[Source records]
○ ○ ○ ○ ○

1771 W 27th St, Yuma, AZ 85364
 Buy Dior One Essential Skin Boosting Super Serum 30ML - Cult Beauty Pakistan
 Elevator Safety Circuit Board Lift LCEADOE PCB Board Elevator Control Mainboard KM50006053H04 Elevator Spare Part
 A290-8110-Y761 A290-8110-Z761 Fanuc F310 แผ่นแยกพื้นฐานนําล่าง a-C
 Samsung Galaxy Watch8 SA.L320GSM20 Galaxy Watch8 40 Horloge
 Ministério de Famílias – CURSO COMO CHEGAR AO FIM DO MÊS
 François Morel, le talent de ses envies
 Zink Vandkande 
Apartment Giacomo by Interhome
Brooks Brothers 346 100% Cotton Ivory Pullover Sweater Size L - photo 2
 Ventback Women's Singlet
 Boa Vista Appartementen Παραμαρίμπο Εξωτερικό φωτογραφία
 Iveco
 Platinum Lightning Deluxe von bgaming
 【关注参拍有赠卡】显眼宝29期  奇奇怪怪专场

○ ○ ○ ○ ○

* _TASK DIRECTIONS_
Provide a faithful, complete copy of the entries above.

* _RESPONSE TO THIS TASK_
1771 W 27th St, Yuma, AZ 85364
 Buy Dior One Essential Skin Boosting Super Serum 30ML - Cult Beauty Pakistan
 Elevator Safety Circuit Board Lift LCEADOE PCB Board Elevator Control Mainboard KM50006053H04 Elevator Spare Part
 A290-8110-Y761 A290-8110-Z761 Fanuc F310 แผ่นแยกพื้นฐานนําล่าง a-C
 Samsung Galaxy Watch8 SA.L320GSM20 Galaxy Watch8 40 Horloge
 Ministério de Famílias – CURSO COMO CHEGAR AO FIM DO MÊS
 François Morel, le talent de ses envies
 Zink Vandkande 
Apartment Giacomo by Interhome
Brooks Brothers 346 100% Cotton Ivory Pullover Sweater Size L - photo 2
 Ventback Women's Singlet
 Boa Vista Appartementen Παραμαρίμπο Εξωτερικό φωτογραφία
 Iveco
 Platinum Lightning Deluxe von bgaming
 【关注参拍有赠卡】显眼宝29期  奇奇怪怪专场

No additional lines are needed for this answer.